An aptly named album that returns the reggae star to top form, thanks in large part to the production and songwriting assistance of Tim Armstrong of the neo-punk band Rancid. Not only is the music here quite true to the reggae and ska form even if it wasn’t made in Jamaica by Jamaicans, but there’s an energy and spirit to the whole affair that recalls when reggae was a vital style while also sounding fresh and urgent. Due credit for that also goes to a crop of songs that fit right into the rebel music pocket by Cliff himself and written with Armstrong alongside fitting covers of “The Guns of Brixton” by The Clash and one of Armstrong’s Rancid songs reconfigured into the Jamaican groove. If you’re a fan of Cliff’s work on the soundtrack album The Harder They Come and reggae music in its 1970s heyday you’ll likely find this as winning and even classic album as I do, as it’s the best release in that style in my recent memory.
Following the monumental hit that was Friends has not been an easy task for its male stars.

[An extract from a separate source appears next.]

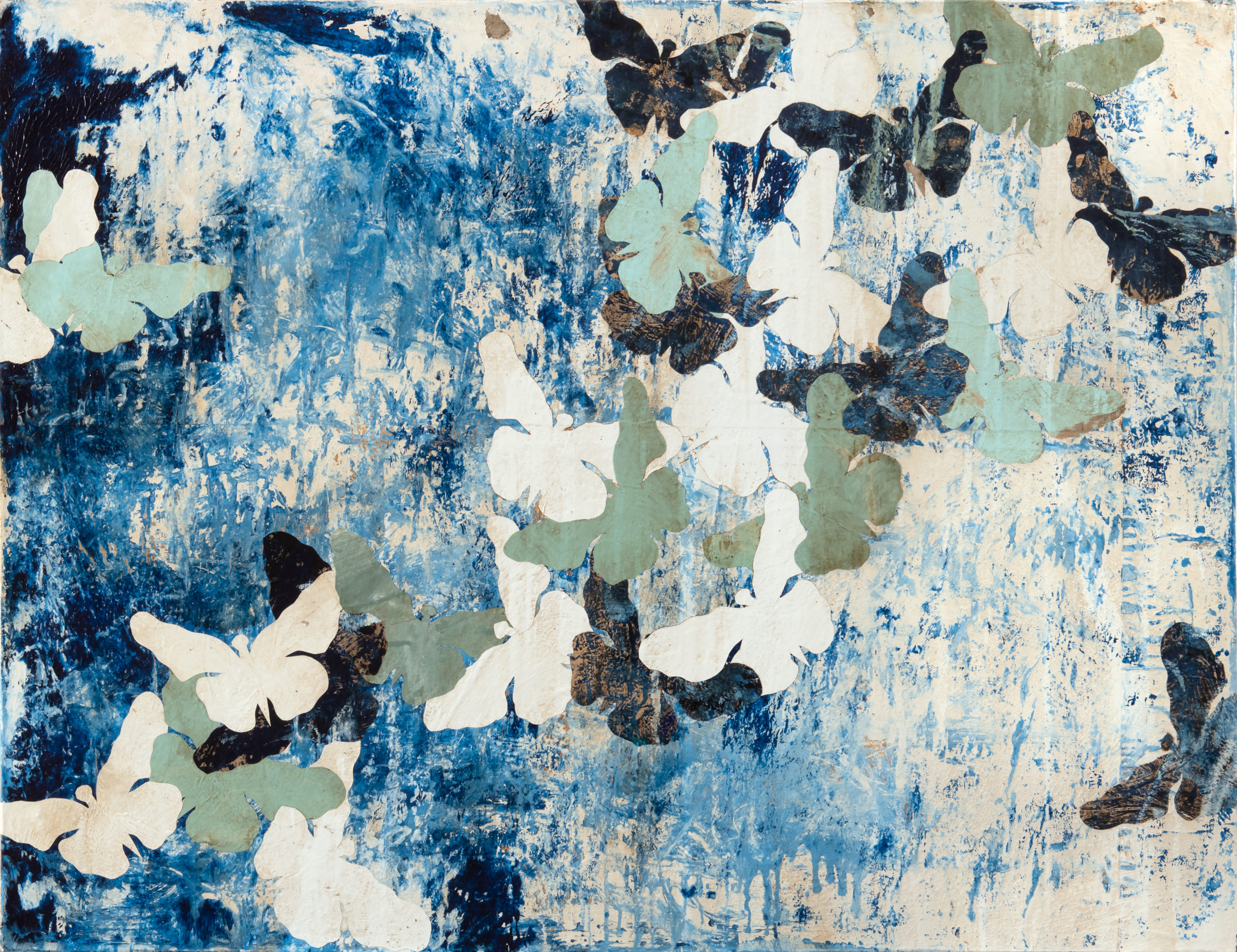 "Happy days 2", 2022. Technique mixte sur toile, 116 x 146 cm.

But one of the factors that made the show a winner was the their natural appeal, and that helps make this show starring Matthew Perry a strong starter. He plays a sports radio talk show host who gets undone by his ego and shallowness until his wife dies and he reluctantly joins a grieving group. Yeah, it’s rather light and a bit silly yet at the same time its humor helps make the medicine of loss and the grief process go down rather easily (no mean feat when you think about it) yet also convey valuable life lessons. After a first run it’s been picked up for a second season, and I’m hoping it will grow into a show that goes a bit deeper and wilder, but even as fluffy fare it’s a few good notches above most such stuff.
This fascinating and illuminating film tells the story of Diana Serra Cary who for a brief spell in the early 1920s was one of America’s biggest child stars of the silent film era known as Baby Peggy. Her early life was the all too common tale of her exploitation and the squandering of her earnings by her parents and subsequent struggle to survive. Cary fortunately had the backbone, wisdom and character to not just survive the potentially damaging situation and find happiness and peace as an adult. In the film we see as she comes to terms with her legacy that has also managed to survive and undergo a revival. And unlike so many Hollywood tales of too much too young, this one has a touchingly happy and quite satisfying end.